[Start of Attachment]

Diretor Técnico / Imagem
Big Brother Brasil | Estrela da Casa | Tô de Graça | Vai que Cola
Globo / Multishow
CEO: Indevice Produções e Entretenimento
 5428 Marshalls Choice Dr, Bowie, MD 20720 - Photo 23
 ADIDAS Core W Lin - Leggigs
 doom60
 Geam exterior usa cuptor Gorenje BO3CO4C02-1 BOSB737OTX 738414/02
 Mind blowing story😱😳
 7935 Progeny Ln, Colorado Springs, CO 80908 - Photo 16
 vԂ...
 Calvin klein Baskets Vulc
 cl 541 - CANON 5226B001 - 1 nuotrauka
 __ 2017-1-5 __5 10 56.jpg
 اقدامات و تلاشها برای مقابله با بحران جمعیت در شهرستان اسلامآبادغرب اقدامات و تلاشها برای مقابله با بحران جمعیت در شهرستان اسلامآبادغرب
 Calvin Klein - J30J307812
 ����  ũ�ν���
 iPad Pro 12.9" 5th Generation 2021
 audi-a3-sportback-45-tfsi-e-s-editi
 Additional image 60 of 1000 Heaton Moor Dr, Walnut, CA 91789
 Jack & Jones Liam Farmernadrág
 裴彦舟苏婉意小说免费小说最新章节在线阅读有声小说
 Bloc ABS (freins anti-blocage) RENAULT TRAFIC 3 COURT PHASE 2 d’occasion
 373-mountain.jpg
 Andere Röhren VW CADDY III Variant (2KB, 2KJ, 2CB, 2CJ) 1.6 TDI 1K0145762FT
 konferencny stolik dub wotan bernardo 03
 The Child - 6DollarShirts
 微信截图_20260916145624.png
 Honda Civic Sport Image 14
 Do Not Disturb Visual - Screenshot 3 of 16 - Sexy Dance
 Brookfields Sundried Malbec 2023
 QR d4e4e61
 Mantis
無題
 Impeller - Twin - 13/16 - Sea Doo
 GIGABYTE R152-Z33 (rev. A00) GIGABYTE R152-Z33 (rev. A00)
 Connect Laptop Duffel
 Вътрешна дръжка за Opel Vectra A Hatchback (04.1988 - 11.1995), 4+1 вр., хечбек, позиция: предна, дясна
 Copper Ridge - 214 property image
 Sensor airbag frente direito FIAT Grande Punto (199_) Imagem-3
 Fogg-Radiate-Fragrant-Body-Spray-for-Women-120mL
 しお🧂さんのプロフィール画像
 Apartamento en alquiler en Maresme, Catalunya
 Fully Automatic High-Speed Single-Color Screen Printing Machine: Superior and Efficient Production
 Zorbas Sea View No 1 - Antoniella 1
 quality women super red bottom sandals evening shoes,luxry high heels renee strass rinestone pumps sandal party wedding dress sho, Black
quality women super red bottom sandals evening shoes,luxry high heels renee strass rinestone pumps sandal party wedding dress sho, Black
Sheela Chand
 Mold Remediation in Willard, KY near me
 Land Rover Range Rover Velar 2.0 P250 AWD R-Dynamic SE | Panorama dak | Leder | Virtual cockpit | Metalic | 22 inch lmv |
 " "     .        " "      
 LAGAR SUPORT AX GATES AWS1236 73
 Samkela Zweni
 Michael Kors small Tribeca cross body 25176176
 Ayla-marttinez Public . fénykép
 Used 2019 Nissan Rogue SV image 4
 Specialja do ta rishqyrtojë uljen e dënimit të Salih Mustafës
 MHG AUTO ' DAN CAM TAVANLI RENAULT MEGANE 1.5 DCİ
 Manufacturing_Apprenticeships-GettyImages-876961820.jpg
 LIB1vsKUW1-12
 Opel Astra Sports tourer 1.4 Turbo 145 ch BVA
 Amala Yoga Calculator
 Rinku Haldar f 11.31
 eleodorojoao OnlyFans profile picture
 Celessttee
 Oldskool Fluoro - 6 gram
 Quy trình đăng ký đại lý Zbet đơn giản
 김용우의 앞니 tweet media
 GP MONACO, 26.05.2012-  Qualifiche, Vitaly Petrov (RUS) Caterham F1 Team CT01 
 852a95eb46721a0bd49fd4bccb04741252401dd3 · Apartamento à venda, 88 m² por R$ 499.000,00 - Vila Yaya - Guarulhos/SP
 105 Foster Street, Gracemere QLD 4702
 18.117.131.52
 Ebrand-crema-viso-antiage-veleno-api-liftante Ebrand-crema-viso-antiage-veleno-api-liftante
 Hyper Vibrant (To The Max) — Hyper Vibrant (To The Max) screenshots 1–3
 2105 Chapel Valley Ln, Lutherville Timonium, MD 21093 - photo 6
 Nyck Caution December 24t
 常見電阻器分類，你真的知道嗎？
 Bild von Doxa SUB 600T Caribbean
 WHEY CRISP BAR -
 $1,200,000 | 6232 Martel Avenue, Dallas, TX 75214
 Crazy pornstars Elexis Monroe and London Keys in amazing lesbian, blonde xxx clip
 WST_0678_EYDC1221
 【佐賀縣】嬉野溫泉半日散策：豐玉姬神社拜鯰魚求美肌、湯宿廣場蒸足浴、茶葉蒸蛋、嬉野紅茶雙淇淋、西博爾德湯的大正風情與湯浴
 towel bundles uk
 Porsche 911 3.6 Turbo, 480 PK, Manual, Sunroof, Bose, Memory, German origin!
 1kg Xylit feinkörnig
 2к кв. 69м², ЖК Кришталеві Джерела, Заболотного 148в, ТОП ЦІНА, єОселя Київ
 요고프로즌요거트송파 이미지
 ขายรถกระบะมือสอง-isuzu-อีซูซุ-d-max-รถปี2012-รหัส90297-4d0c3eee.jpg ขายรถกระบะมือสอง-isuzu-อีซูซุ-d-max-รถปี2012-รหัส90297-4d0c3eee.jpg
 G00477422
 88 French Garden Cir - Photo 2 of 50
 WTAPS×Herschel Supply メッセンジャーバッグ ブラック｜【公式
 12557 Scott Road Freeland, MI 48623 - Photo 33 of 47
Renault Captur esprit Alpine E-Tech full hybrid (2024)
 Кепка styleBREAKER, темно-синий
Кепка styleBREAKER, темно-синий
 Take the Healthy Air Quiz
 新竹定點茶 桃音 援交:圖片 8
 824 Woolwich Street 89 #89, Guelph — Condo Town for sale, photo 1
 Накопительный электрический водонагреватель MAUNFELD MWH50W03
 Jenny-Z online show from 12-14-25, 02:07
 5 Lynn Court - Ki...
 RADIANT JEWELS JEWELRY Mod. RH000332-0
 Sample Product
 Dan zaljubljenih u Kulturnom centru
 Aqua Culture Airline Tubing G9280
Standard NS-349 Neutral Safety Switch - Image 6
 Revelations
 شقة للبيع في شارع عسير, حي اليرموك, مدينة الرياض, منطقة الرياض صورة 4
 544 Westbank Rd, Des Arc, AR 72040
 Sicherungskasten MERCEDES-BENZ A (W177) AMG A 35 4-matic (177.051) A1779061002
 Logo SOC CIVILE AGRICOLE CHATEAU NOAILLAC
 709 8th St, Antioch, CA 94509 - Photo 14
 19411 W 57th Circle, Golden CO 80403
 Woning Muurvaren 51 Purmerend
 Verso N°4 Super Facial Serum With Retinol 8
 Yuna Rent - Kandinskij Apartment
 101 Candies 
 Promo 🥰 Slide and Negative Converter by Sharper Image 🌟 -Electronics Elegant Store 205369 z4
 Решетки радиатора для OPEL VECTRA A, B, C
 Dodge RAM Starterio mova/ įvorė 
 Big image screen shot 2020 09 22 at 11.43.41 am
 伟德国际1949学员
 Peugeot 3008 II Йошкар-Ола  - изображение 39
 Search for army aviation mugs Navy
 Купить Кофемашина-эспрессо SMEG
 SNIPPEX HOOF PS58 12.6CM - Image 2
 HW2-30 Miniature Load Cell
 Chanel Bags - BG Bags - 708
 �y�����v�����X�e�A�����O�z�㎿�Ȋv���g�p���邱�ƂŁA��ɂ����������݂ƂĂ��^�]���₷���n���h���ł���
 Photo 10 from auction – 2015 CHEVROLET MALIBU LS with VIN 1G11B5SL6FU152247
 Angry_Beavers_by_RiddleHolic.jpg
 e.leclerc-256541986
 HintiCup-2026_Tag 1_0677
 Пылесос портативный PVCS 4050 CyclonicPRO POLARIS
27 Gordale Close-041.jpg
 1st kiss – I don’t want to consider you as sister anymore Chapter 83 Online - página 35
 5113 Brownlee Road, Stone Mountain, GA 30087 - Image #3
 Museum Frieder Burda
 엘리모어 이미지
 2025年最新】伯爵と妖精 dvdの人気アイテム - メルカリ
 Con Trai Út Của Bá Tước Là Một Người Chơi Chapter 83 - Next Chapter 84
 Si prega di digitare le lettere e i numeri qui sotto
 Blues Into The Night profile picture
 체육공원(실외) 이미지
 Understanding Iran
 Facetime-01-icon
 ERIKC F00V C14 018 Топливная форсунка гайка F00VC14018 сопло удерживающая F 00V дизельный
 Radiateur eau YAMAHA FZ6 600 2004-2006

[End of Attachment]

Among the lines above, repeat exactly those from the line with "2105 Chapel Valley" to the line with "Verso N°4 Super Facial Serum With Retinol 8", counting both ends.

 2105 Chapel Valley Ln, Lutherville Timonium, MD 21093 - photo 6
 Nyck Caution December 24t
 常見電阻器分類，你真的知道嗎？
 Bild von Doxa SUB 600T Caribbean
 WHEY CRISP BAR -
 $1,200,000 | 6232 Martel Avenue, Dallas, TX 75214
 Crazy pornstars Elexis Monroe and London Keys in amazing lesbian, blonde xxx clip
 WST_0678_EYDC1221
 【佐賀縣】嬉野溫泉半日散策：豐玉姬神社拜鯰魚求美肌、湯宿廣場蒸足浴、茶葉蒸蛋、嬉野紅茶雙淇淋、西博爾德湯的大正風情與湯浴
 towel bundles uk
 Porsche 911 3.6 Turbo, 480 PK, Manual, Sunroof, Bose, Memory, German origin!
 1kg Xylit feinkörnig
 2к кв. 69м², ЖК Кришталеві Джерела, Заболотного 148в, ТОП ЦІНА, єОселя Київ
 요고프로즌요거트송파 이미지
 ขายรถกระบะมือสอง-isuzu-อีซูซุ-d-max-รถปี2012-รหัส90297-4d0c3eee.jpg ขายรถกระบะมือสอง-isuzu-อีซูซุ-d-max-รถปี2012-รหัส90297-4d0c3eee.jpg
 G00477422
 88 French Garden Cir - Photo 2 of 50
 WTAPS×Herschel Supply メッセンジャーバッグ ブラック｜【公式
 12557 Scott Road Freeland, MI 48623 - Photo 33 of 47
Renault Captur esprit Alpine E-Tech full hybrid (2024)
 Кепка styleBREAKER, темно-синий
Кепка styleBREAKER, темно-синий
 Take the Healthy Air Quiz
 新竹定點茶 桃音 援交:圖片 8
 824 Woolwich Street 89 #89, Guelph — Condo Town for sale, photo 1
 Накопительный электрический водонагреватель MAUNFELD MWH50W03
 Jenny-Z online show from 12-14-25, 02:07
 5 Lynn Court - Ki...
 RADIANT JEWELS JEWELRY Mod. RH000332-0
 Sample Product
 Dan zaljubljenih u Kulturnom centru
 Aqua Culture Airline Tubing G9280
Standard NS-349 Neutral Safety Switch - Image 6
 Revelations
 شقة للبيع في شارع عسير, حي اليرموك, مدينة الرياض, منطقة الرياض صورة 4
 544 Westbank Rd, Des Arc, AR 72040
 Sicherungskasten MERCEDES-BENZ A (W177) AMG A 35 4-matic (177.051) A1779061002
 Logo SOC CIVILE AGRICOLE CHATEAU NOAILLAC
 709 8th St, Antioch, CA 94509 - Photo 14
 19411 W 57th Circle, Golden CO 80403
 Woning Muurvaren 51 Purmerend
 Verso N°4 Super Facial Serum With Retinol 8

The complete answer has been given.